Aquí estoy yo, de vuelta también,mi dilecta Universitas, alma mater que me revelaste casi todo lo que vale. Y me viene a la cabeza otra vez la bonita canción —la única— que Sergio, el guitarrista, escribió para Maná: “Tanto tiempo sin vernos a la cara, si siquiera te pudiera acariciar…”. Y aquella otra, nadie sabe quien la escribió, sólo su autor: Hello, love, so good to see you again, it has been a long while, some 12 years, right? You were already old when I touched you for the first time, you are even older now, and, indeed, I am older too.
De regreso, mi dilecta, después de más de una década. Te noto bien, amor, y eso que no es fácil esto de volver a empezar. Pude vivir un buen rato “sin tu cariño”, y no me fue nada mal. Ahora vuelvo a vos, pero no te acaricio, dejemos eso para más adelante, para la luna de miel, si es que antes hubo casamiento, amor.

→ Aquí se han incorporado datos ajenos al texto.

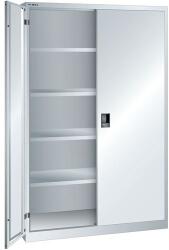 Lista műhelyszekrény polcokkal, 1250x580x1950 mm, tömör ajtók, szürke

“Amar es combatir”, así se llama el nuevo disco de Maná presentado aquella noche estrellada de mayo ante un estadio repleto, de gente, de frío, y de calor humano. Es buena la idea, también la tenía Josemaría Escrivá: “Pax in bello”, decía: para hallar la paz, paradójicamente, hay que hacer, figurativamente, la guerra; y decía también, citando a Job, “La vida del hombre sobre la tierra es milicia”. Es verdad, hay que combatir si de veras se quiere amar. Amor: estoy listo otra vez para el combate.